- Promotional release poster
- Genre: Horror thriller
- Written by: Y. G. Bharath
- Directed by: Y. G. Bharath
- Starring: Venu Thottempudi; Avantika Mishra; Aditi Gautam;
- Music by: Kapil Kumar
- Country of origin: India
- Original language: Telugu
- No. of seasons: 1
- No. of episodes: 6 (list of episodes)

Production
- Executive producer: Rohith Pisapati
- Producer: Praveen Sattaru
- Cinematography: Manojh Reddy Katasani
- Editor: Dharmendra Kakarala
- Running time: 30 minutes
- Production company: Hotstar Specials

Original release
- Network: Disney+ Hotstar
- Release: 19 September 2023

= Athidhi (TV series) =

Indian horror thriller television series

Athidhi is an Indian Telugu-language horror thriller television series written and directed by Y. G. Bharath. Produced by Praveen Sattaru under the banner of Hotstar Specials, it stars Venu Thottempudi, Avantika Mishra and Aditi Gautam.
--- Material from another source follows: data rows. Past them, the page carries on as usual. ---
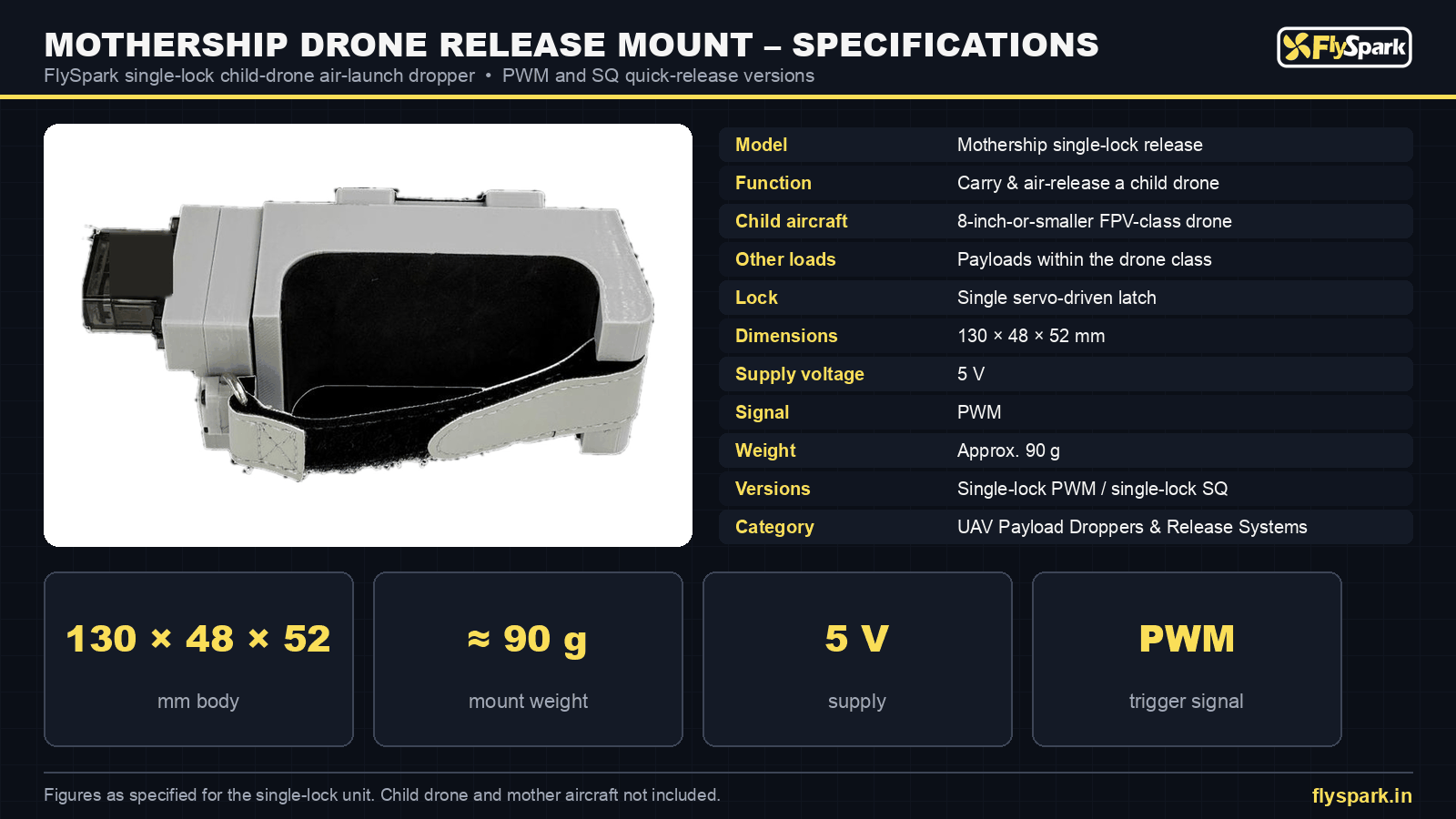 FlySpark Mothership drone release mount specification sheet – 130 × 48 × 52 mm, approx. 90 g, 5 V PWM single-lock latch for 8-inch FPV-class child drones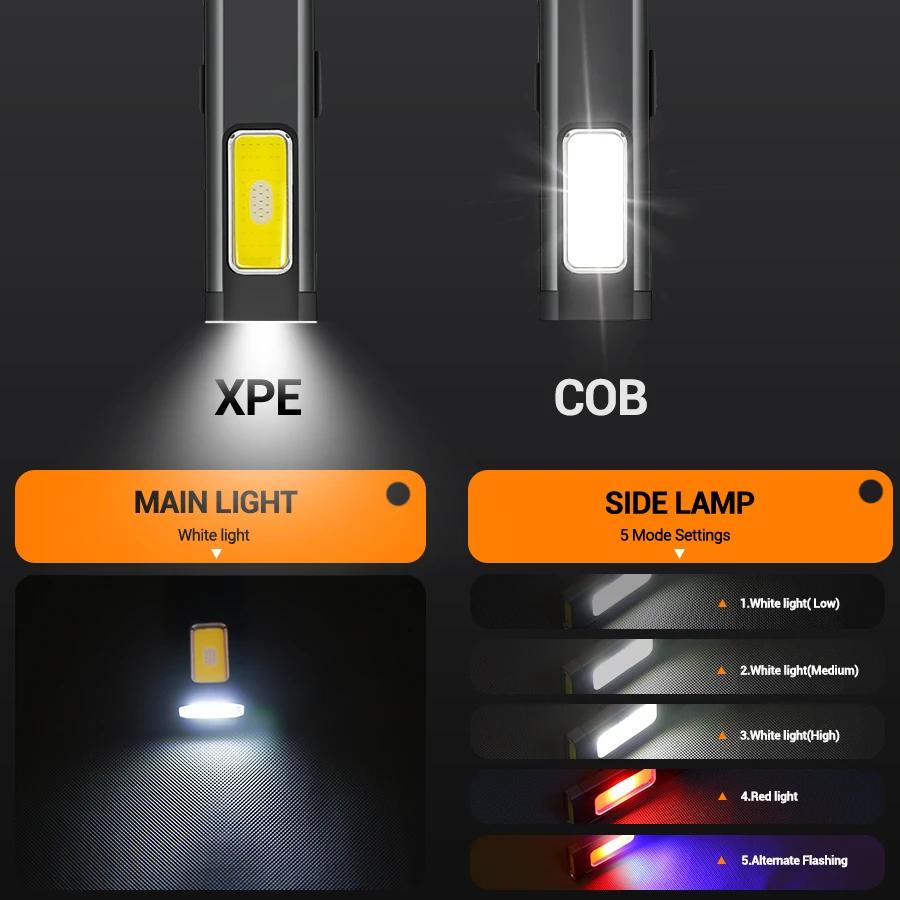 LED Hat Clip Flashlight USB-C Rechargeable 800LM Birght Torch Light- With Magnet, Portable Mini Flood Work Light/Pocket Lantern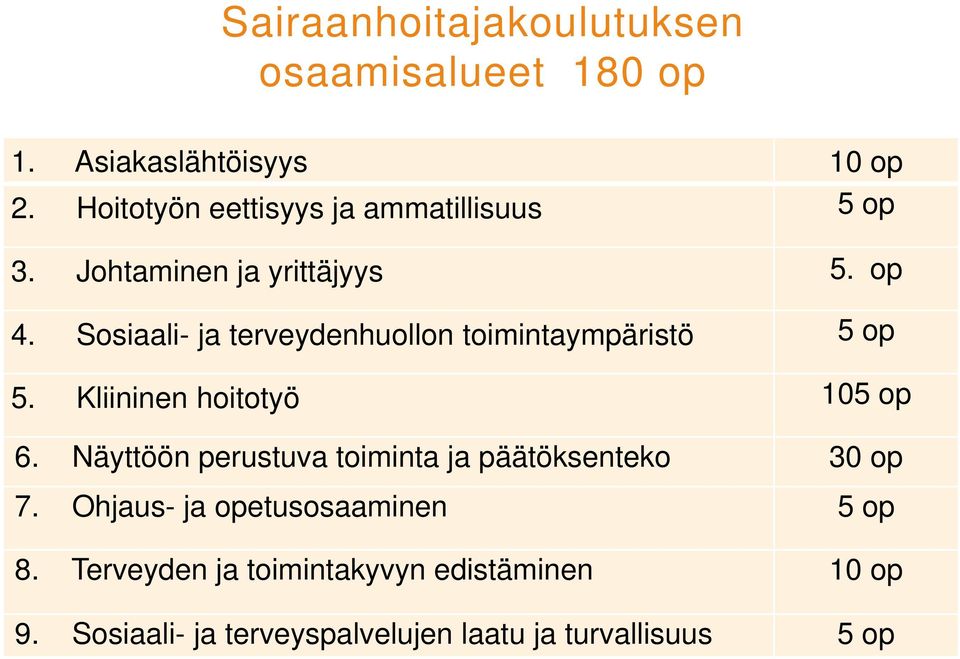 Sosiaali- ja terveydenhuollon toimintaympäristö 5 op 5. Kliininen hoitotyö 105 op 6.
It premiered from 19 September 2023 on Disney+ Hotstar.

== Cast ==
- Venu Thottempudi as Ravi / Raja Ravi Vardana Veera Varma
- Avantika Mishra as Maya
- Aditi Gautam as Sandhya
- Venkatesh Kakumanu as Savari, a YouTuber
- Ravi Varma as Prakash
- Bhadram as Raju, Tea seller
- Raghu Karumanchi as Harsha, a character from one of the two short stories narrated by Ravi
- Keshav Deepak as Music Teacher, a character from one of the two short stories narrated by Ravi

==Episodes==

| No. | Title | Directed by | Written by | Original release date |
|---|---|---|---|---|
| 1 | "Strange Beauty" | Y. G. Bharath | Y. G. Bharath | 19 September 2023 |
| 2 | "Two Short Stories" | Y. G. Bharath | Y. G. Bharath | 19 September 2023 |
| 3 | "The Murder" | Y. G. Bharath | Y. G. Bharath | 19 September 2023 |
| 4 | "Back & Forth" | Y. G. Bharath | Y. G. Bharath | 19 September 2023 |
| 5 | "Key Factor" | Y. G. Bharath | Y. G. Bharath | 19 September 2023 |
| 6 | "Arishadvarga" | Y. G. Bharath | Y. G. Bharath | 19 September 2023 |

== Production ==
In September 2023, the series was announced by Disney+ Hotstar. Initially Upendra was the first choice for the role. Later, Venu Thottempudi, Avantika Mishra and Aditi Gautam were signed as the lead. The principal photography of the series commenced in 2022.

== Reception ==
Satya Pulagam of ABP Desam awarded the series 2.5/5 stars. Chatakonda Krishna Prakash of Hindustan Times gave the series 2.75/5 stars. Srivathsan Nadadhur of OTTPlay rated the series 2.5/5 stars.